Credo che stiamo commettendo un grave errore nel modo stesso di affrontare i conflitti inter-etnici: cerchiamo di agire come se questi avessero un carattere simile ai litigi di famiglia.
Bisogna modificare questa impostazione. E' tempo di rendere i conflitti inter-etnici oggetto della diplomazia professionale di cercare di risolverli sulla base delle norme M diritto internazionale di ricorrere alla mediazione delle organizzazioni e dei meccanismi multilaterali già esistenti, anche per compiere missioni di buona volontà.
Tale approccio incontra un favore crescente sia all'interno dell'Onu sia all'interno delle strutture europee. Nel mondo contemporaneo, così interdipendente, la comunità internazionale tende giustamente a recepire ogni focolaio di tensione - e tanto più lo scontro armato come un problema comune.
Si trasforma anche il concetto stesso di "conflitto interno". Se un problema sorge fra due Stati sovrani, anche se membri della nostra nuova Comunità, non si tratta più di un "conflitto interno", ma è materia di regolamento inter-statale.

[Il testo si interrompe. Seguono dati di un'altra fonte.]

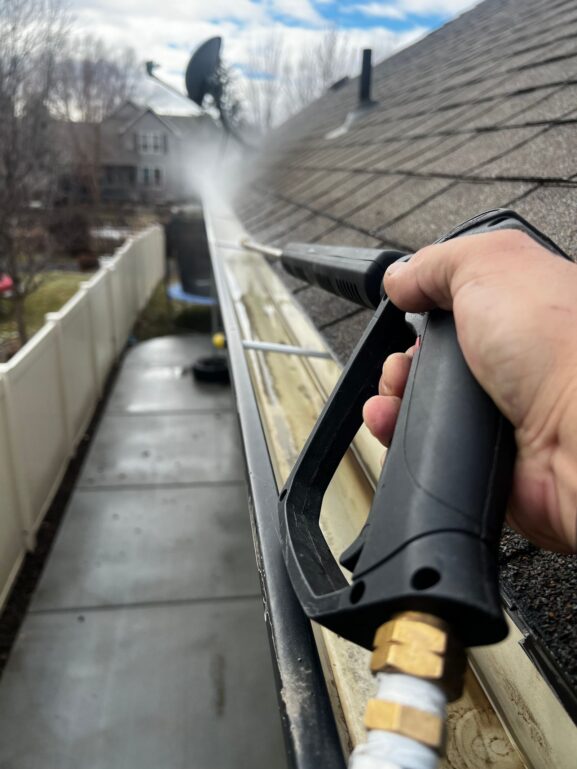 A professional cleaning residential gutters, one of several local services to book before winter arrives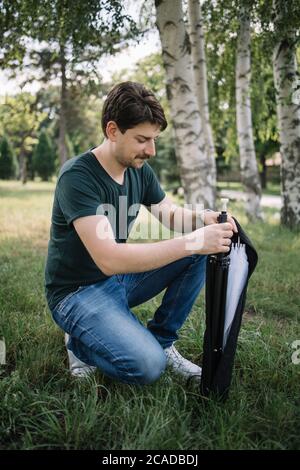 Young man holding camera stand while squatting in forest Stock Photo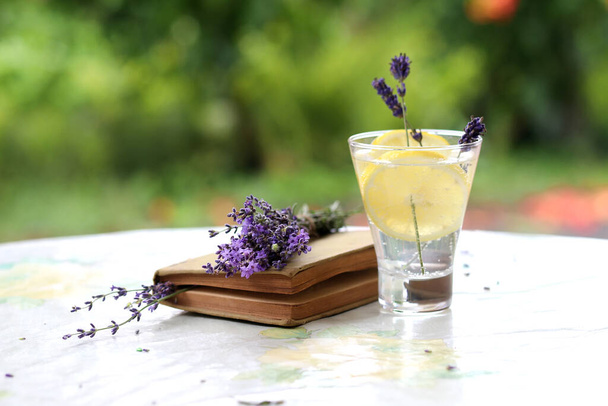 Homemade lemonade with lemon and lavender in a glass glass on a table in the garden with a niga and a bouquet of lavender. Cooling tonic soothing detox. - Photo, image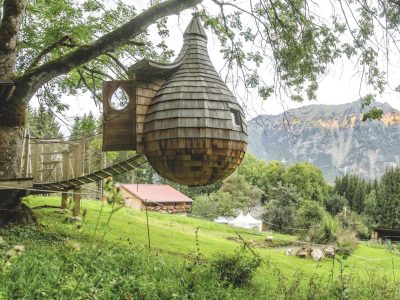 Cabane perchée en bois, suspendue à un arbre, avec vue sur les montagnes verdoyantes.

Anche in questa sfera si deve passare a un nuovo modo di pensare, occorre rinunciare alle idee legate ad una realtà diversa, quella "imperiale" poiché i suoi strumenti per risolvere i conflitti inter-etnici non possono essere utilizzati nelle nuove condizioni.
C'è un elemento di interdipendenza fra i cosiddetti conflitti interni e la politica estera, sul quale vorrei attirare l'attenzione. Molti fili legavano le ex Repubbliche sovietiche, le univano in uno Stato unico. Hanno una storia comune, un'economia integrata e una stessa mentalità che si è formata in settant'anni di vita comune. Fra questi fili ce n'era tuttavia un altro: la preoccupazione per la sicurezza comune. Ora, nel momento in cui la minaccia esterna sostanzialmente non c'è più, questo filo si è spezzato.

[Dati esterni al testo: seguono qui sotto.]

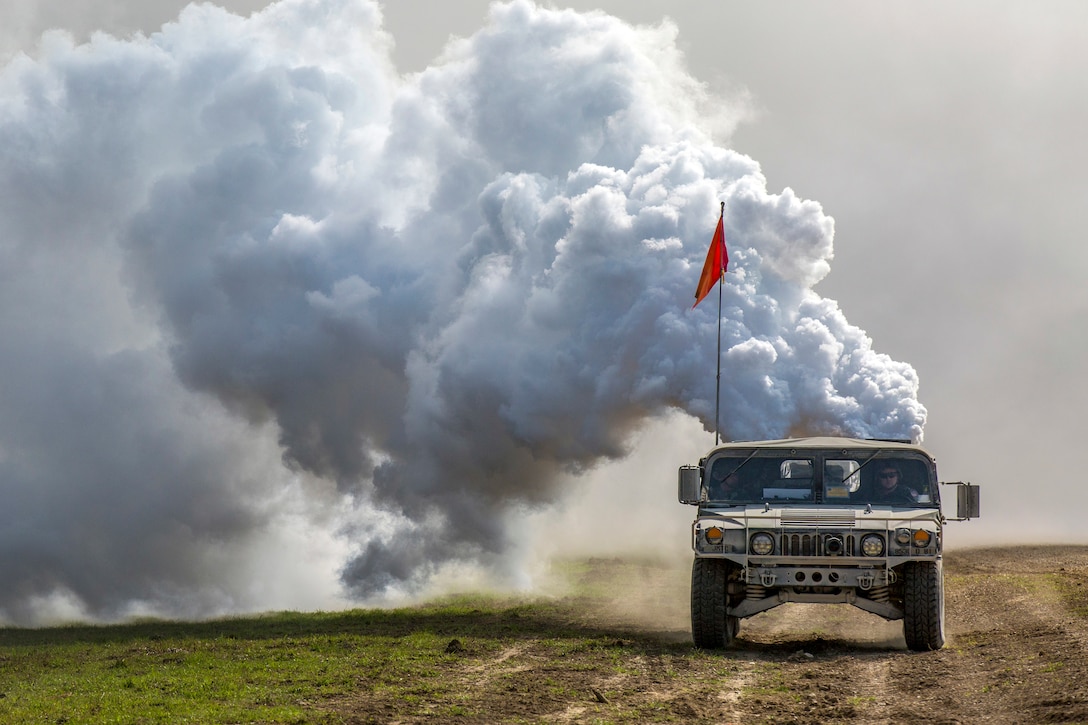 Smoke billows out behind a Humvee with a red flag displayed driving on a dirt road.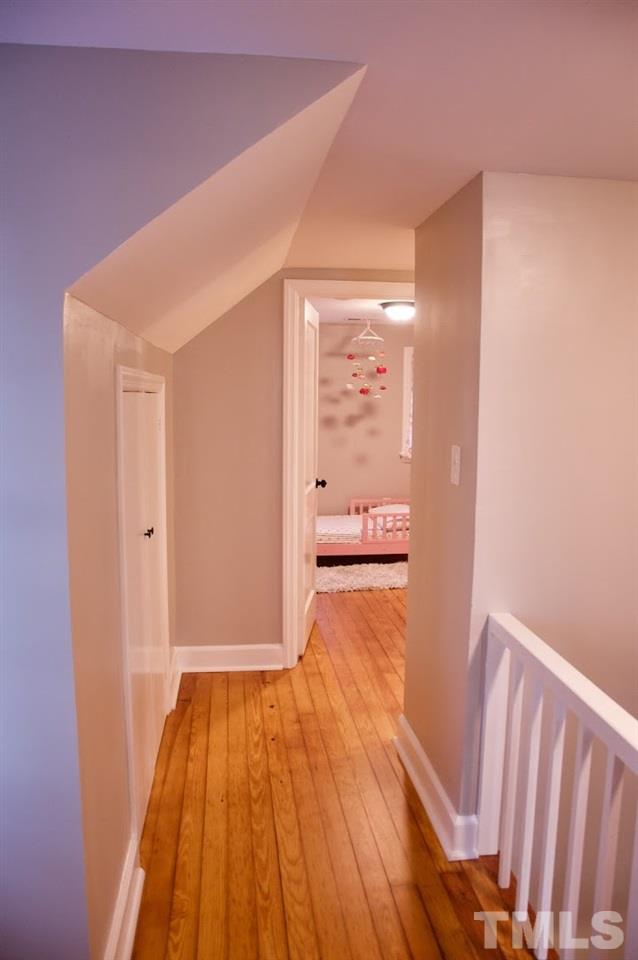 2120 Mary Hobby Road Raleigh, NC 27603 - Photo 27 of 30 a view of a hallway with wooden floor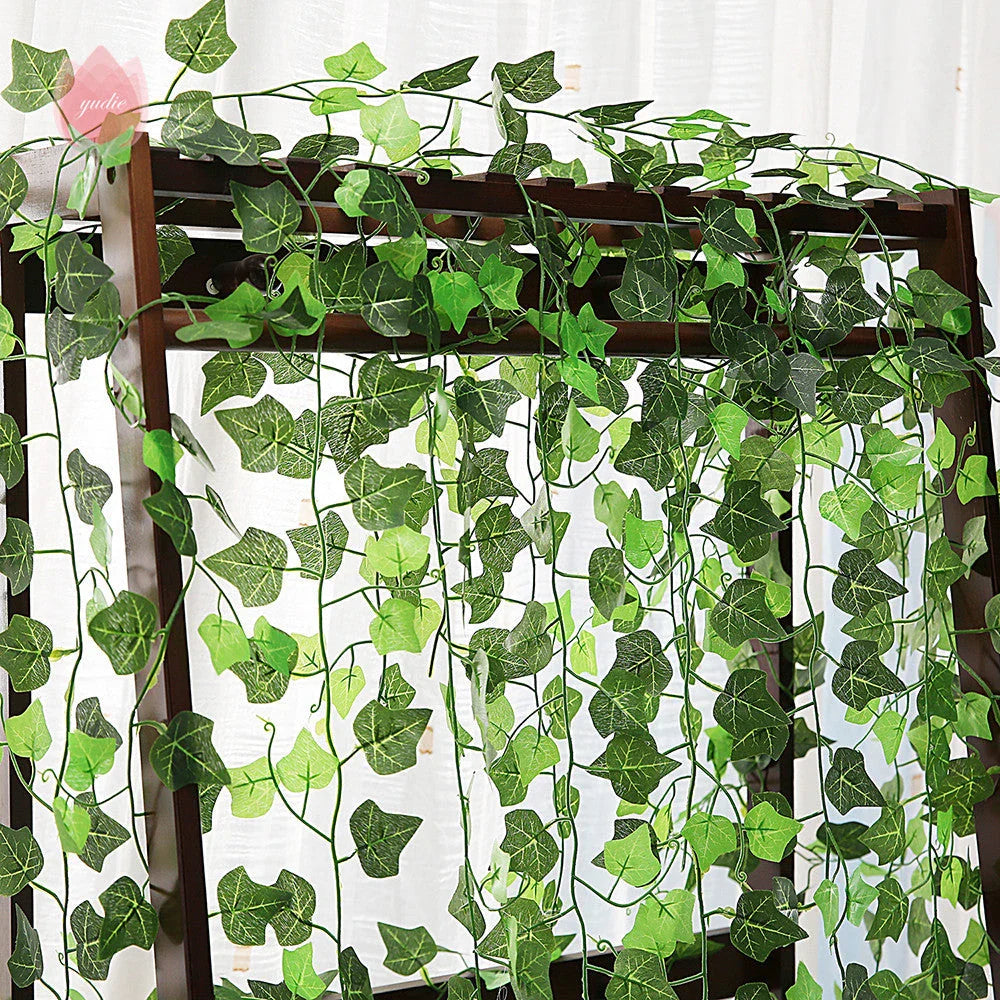 Premium silk hanging leaf garland with realistic green leaves and flexible rattan vine for customizable home, wedding, and garden decor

Ci si può solo rallegrare del fatto che il mondo si liberi dalla paura, che i popoli dell'ex Unione Sovietica abbiano avuto la possibilità di vivere in condizioni di libertà, ma mi sembra che, nelle Repubbliche della Comunità, alcuni uomini politici, forzando i processi verso l'isolamento dei loro Stati, sottovalutino Ie possibili conseguenze nel campo della politica estera. Fra l'altro, gli Stati ora indipendenti avranno altri rapporti con i loro vicini rispetto a quelli del passato, quando facevano parte di uno Stato unitario. E non sempre questi cambiamenti possono portare al meglio.


La prospettiva della formazione di nuove unioni regionali che includano una serie di Repubbliche dell'ex Urss e i Paesi loro vicini appare oggi abbastanza probabile. E c'è da sperare che queste formazioni regionali restino soltanto economiche e politiche, senza trasformarsi in blocchi militari, generatori di nuove linee di contrapposizione.

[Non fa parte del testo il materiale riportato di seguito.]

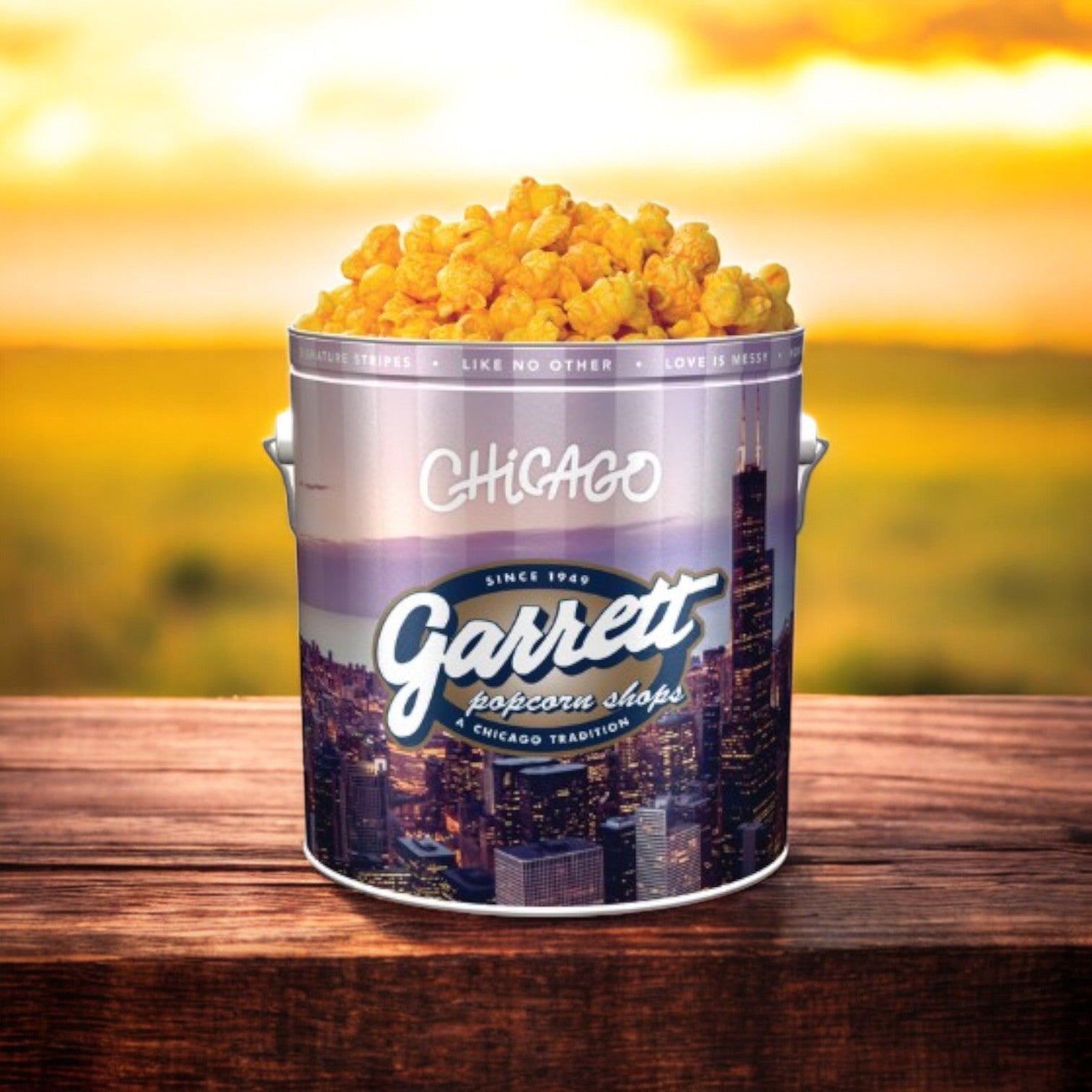 A Garrett Popcorn Classic Tin of Cheese Corn, featuring 14 cups, sits on a wooden surface with its vivid popcorn contrasting beautifully against the soft sunset backdrop.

Posso purtroppo anche constatare che alcuni politici ignorano l'esperienza internazionale: questa dimostra che le pretese territoriali, provocando reazioni a catena di revisioni delle frontiere, portano non solo a conflitti, ma anche a scontri armati.
Mi accusano spesso di fare prognosi pessimistiche, credendo che la mia preoccupazione sui possibili sconvolgimenti sociali e inter-etnici nella CSI sia esagerata. Oggi, tuttavia, una sana preoccupazione non sarebbe affatto eccessiva né per i politici della CSI né per, quelli occidentali.
Alcuni di loro tengono conto soltanto delle azioni delle forze politiche ufficiali, che sono effettivamente più o meno prevedibili. Da noi, però, esistono anche nell'ombra strutture politiche di tipo autoritario e perfino oltranzista che, sull'onda del malcontento sociale, raccolgono forze. Nei sottopassaggi della metropolitana di Mosca si possono vedere gli stand dell'organizzazione nazionalista estremista "Pamiat" , accanto ai quali vengono diffusi apertamente volantini antisemiti; alle manifestazioni risuonano appelli all'esercito di prendere il potere.
Il dittatore con le armi atomiche in mano è una figura assai reale in molte aree del mondo, e la guerra del Golfo Persico lo ha dimostrato. Oggi da noi, in condizioni di sfacelo dell'economia e di catastrofica discesa del tenore di vita della popolazione, appaiono anche politici che tirano fuori dai vecchi arsenali le armi in disuso della "guerra fredda". Al posto della grande 'guerra fredda" ne nascono di piccole, e l'immagine del nemico prende di nuovo forza. Si è riflettuto abbastanza, per esempio, sulla crisi iugoslava le cui ondate possono propagarsi nelle regioni dell'Europa Sud-Orientale, se non per tutto il continente?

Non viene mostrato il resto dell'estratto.